Exercise:
In the listing that follows, find the line with "Kvinna som får", then copy exactly from it through the line with "PDRN Pink Collagen Gel Toner Pad - Medicube", leaving out every picture.
[Data in this exercise]
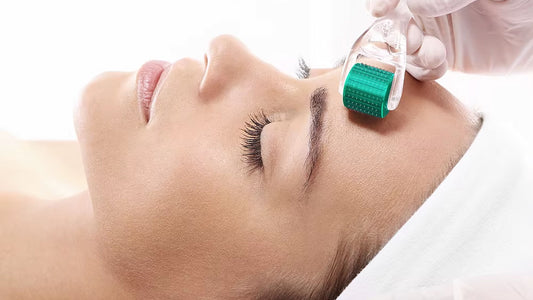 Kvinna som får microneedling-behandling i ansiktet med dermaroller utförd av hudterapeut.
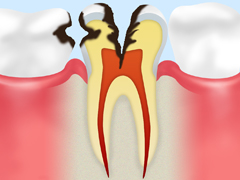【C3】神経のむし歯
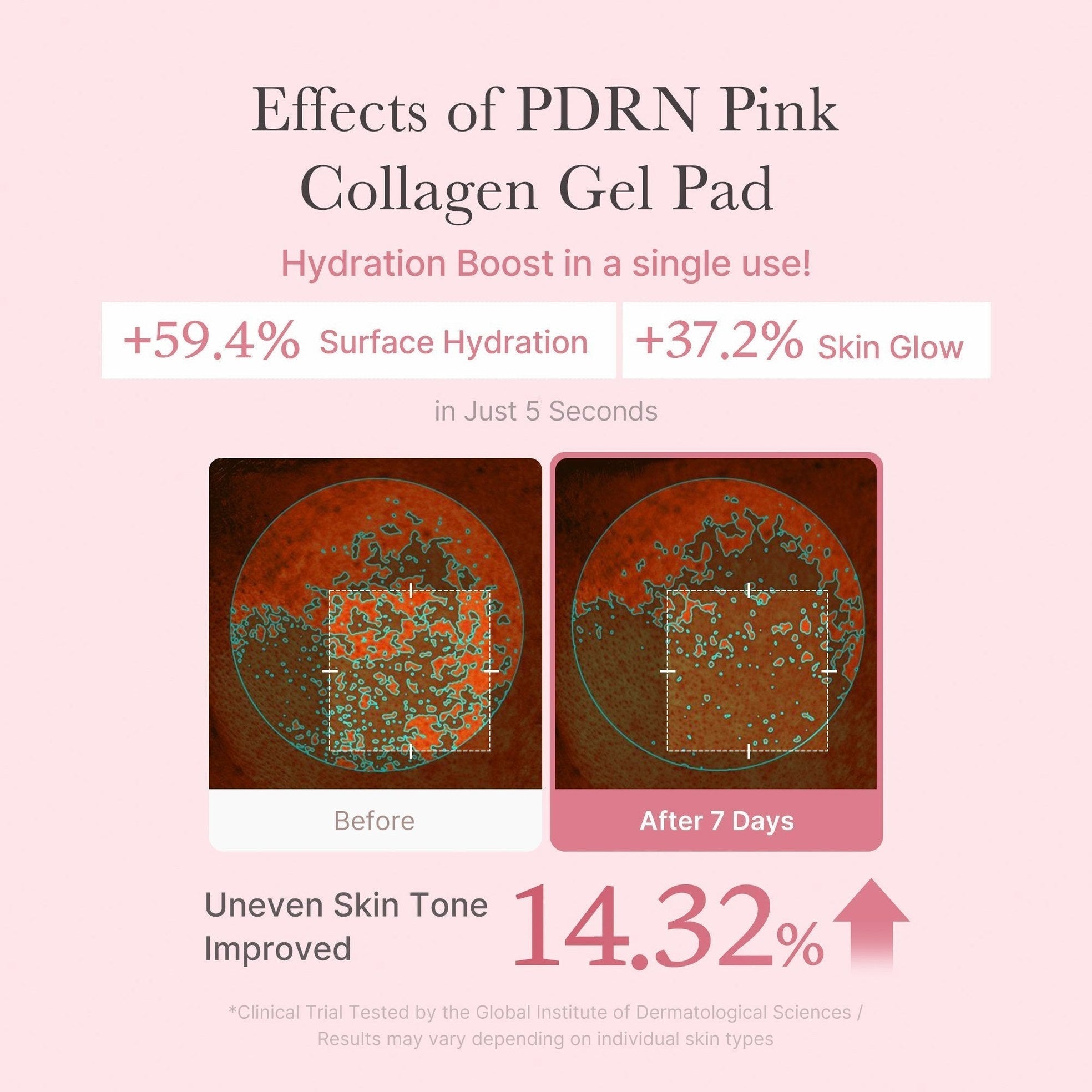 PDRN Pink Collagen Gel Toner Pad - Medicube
[/Data in this exercise]
[Data in this exercise]
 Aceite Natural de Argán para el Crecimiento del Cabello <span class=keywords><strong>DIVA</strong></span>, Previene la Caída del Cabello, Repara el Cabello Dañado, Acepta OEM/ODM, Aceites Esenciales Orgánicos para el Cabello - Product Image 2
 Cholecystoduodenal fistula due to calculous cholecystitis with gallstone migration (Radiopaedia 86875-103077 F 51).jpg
[/Data in this exercise]
[Data in this exercise]
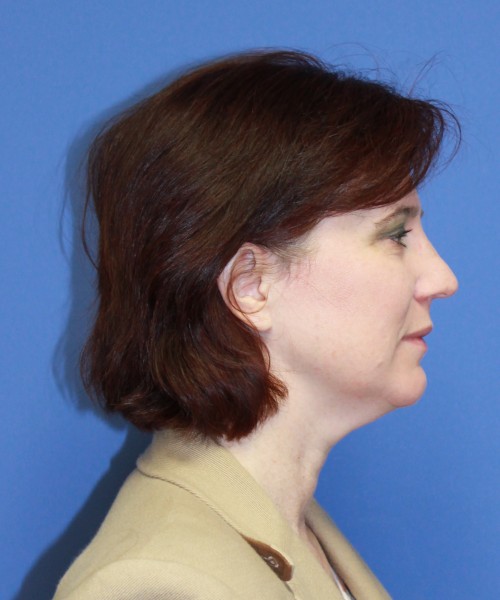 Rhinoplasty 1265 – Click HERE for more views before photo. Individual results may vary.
[/Data in this exercise]
Written solution:
 Kvinna som får microneedling-behandling i ansiktet med dermaroller utförd av hudterapeut.
【C3】神経のむし歯
 PDRN Pink Collagen Gel Toner Pad - Medicube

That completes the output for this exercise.